Gli algoritmi che rendono possibile l’indicizzazione dei contenuti, infatti, utilizzano una complessa serie di parametri (la maggior parte dei quali, bisogna ammetterlo, sono oscuri ai più).
Oltre al grado di pertinenza nei confronti dei criteri impostati in fase di ricerca, a far salire di pozione un determinato sito è anche il suo grado di popolarità ed i suoi volumi di traffico, ad esempio. Ma conta anche il numero di link che puntano a quella data pagina, “pesati” in base al loro stesso grado di popolarità .
Aprendo la via a nuove e più attuali forme di promozione, quindi, il sistema ideato da Google attira con le sue promesse di buona visibilità numerose società che si propongono in Rete, piattaforme di e-commerce o portali che offrono servizi e contenuti online.
Chiunque operi in rete o utilizzi il Web fra i suoi strumenti strategici di comunicazione e promozione, ha ormai introdotto il concetto di “indicizzazione” fra le parole chiave delle proprie politiche di web marketing.
Ora, ricalcolando su nuovi parametri il ranking di moltissimi siti, nelle scorse settimane il colosso di Mountain View ha quasi gettato nello sconforto webmaster e manager IT, che magari si fregiavano di un rank assai elevato, oltre che numerosi esperti di SEO.
Da quanto emerso, la temporanea revisione del rank è stata causata dalla compravendita di link, pratica ritenuta illecita da Google poiché rischiava di alterare la veridicità dei risultati nelle ricerche effettuate.
Placata la bufera, quel che ci si chiede ora è: la penalizzazione del rank comporta realmente un danno per il business delle aziende? O invece questa fatidica cifra è un po’ sopravvalutata?
In effetti, quella “spinta in su” nella lista di risposte ottenute interrogando il motore di ricerca può significare comparire già nella prima pagina di risultati di Google, potenziando il proprio valore teorico agli occhi degli utenti. Spesso chi utilizza i motori di ricerca si ferma alle prime voci ottenute, per cui più si è in alto e più aumentano le probabilità che questo consulti il proprio sito.
Eppure, non è pensabile affidarsi unicamente al PageRank per ottenere i favori dell’utente/consumatore.
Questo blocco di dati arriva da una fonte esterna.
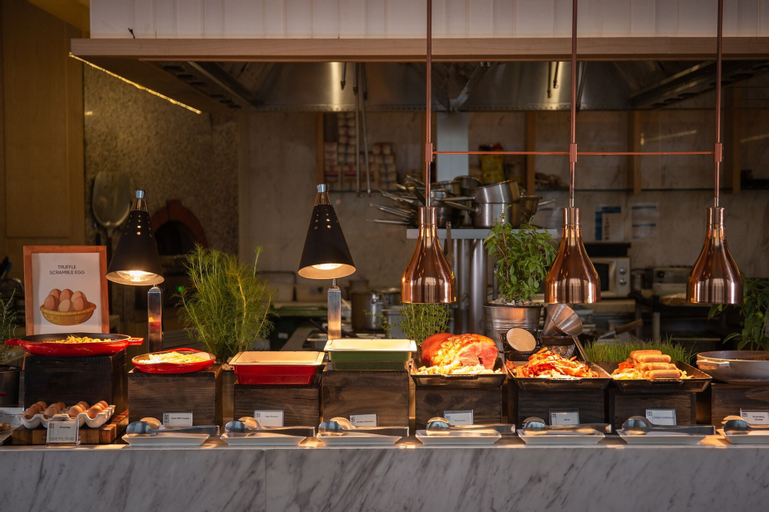 Food & Drinks 30
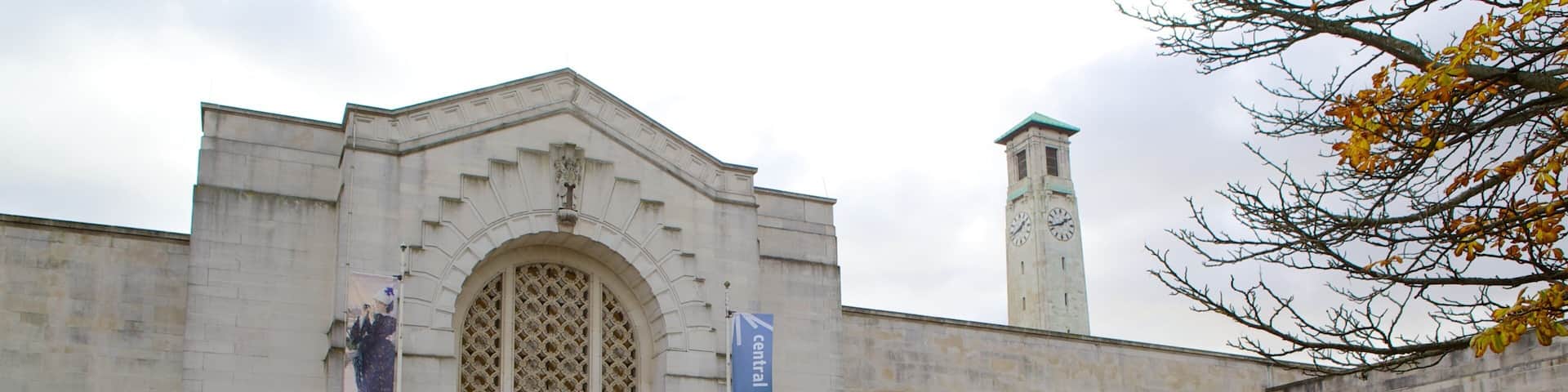 Southampton City Art Gallery which includes heritage architecture, a fountain and a square or plaza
Innanzitutto perché a valere davvero devono sempre essere i contenuti, che aumentano spontaneamente le visite (e quindi il grado di popolarità registrato da Google) senza dover ricorrere a stratagemmi di acquisto link. E in secondo luogo perché esistono altri criteri tecnici da tenere in considerazione per guadagnarsi un buon posizionamento, come ad esempio tag html ben ottimizzati.
Tra le altre cose, è bene tenere presente che i link ospitati, per aumentare il proprio PageRank devono essere essi stessi dotati di un buon valore, trattare argomenti simili e contenere a loro volta pochi link, evitando quelli che usano trucchi di posizionamento (testi invisibili, doorway, link-farm, cloaking): queste condizioni vengono lette dall’algoritmo come una garanzia di qualità del sito.
Infine, attenzione a non trasgredire: l’indicatore di PageRank rimarrà disattivo se la pagina corrente è stata bandita dagli archivi Google, magari per aver utilizzato tecniche spam!